The topic of audience selection and attention has also lent itself to models that either express propositions of explanatory theory or help to make sense of audience research data. The theory of audience uses and gratifications rests primarily on the view that audience choice of media content is active, purposeful, and subjectively rational, and that media use is structured according to various perceived needs and gratifications sought, deriving from the social background of the individual, modified according to a number of individual differences. Media use is only one of the means available for achieving the goals sought. A general model of media use along these lines (Rosengren 1974) is given in Figure 3.
Potentials and Problems of Models of Communication
It is clear from the examples that models have various purposes, and can suit alternative theoretical perspectives. Even so, they seem most suited to representing planned communication efforts, where there is some underlying logic and sequence, with discernible criteria of success or failure. This implies the transmission view of communication (Carey 1975), much criticized for its narrowness and simplicity, which is not remedied by inserting some feedback loop. Carey’s ritual view of communication offered an alternative in which the core meaning of communication is not purposeful action, but sharing, celebrating, and maintaining identities, beliefs, and relations through many forms of cultural expression. By its very essence, this open-ended, constructivist, and interpretive approach defies the efforts of the model-builder – it also reminds the field of the boundaries to the sensible deployment of its dominant models, including the tendency toward linear, causal, and mechanistic conceptions of communication.
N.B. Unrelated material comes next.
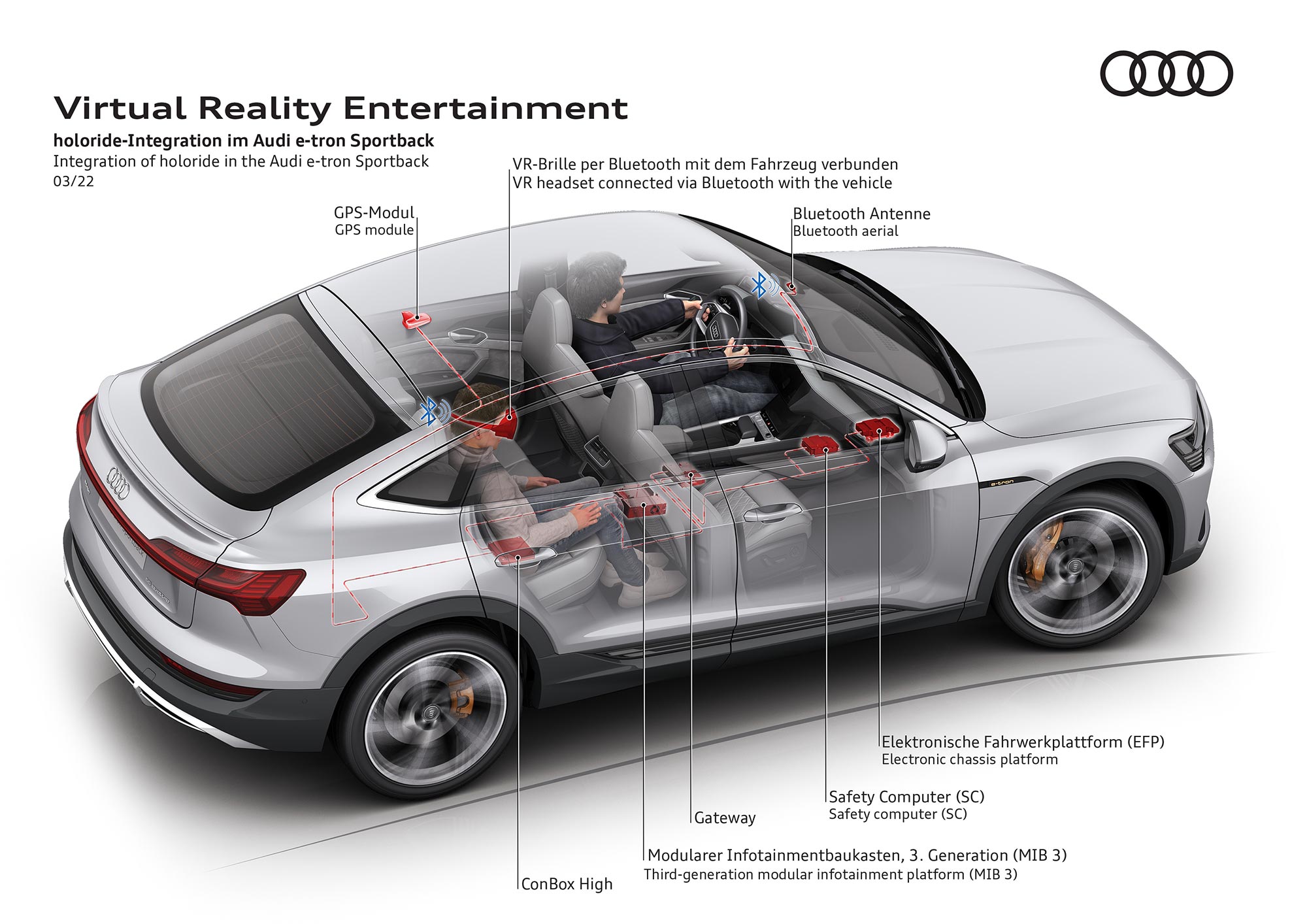 Audi x Holoride In-car VR Entertainment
There are few areas of communication research that have not produced at least one theory or concept that can be described in terms of a model (McQuail & Windahl 1993), including some of the most current approaches, such as gatekeeping, agenda setting, and news “framing”, as well as entire areas such as international communication. It is likely that fundamental changes in public and private communication stemming from technological convergence and the rise of the Internet will stimulate yet more models. Already Bordewijk and Van Kaam’s (1986) model of information traffic has led to an important typology of modes of communication. This differentiates four communicative relations: allocution (mass communication), consultation (of a database), conversation (exchange), and registration (at a central node). The increasing importance attached to the idea of a network society is favorable to the use of models of communication.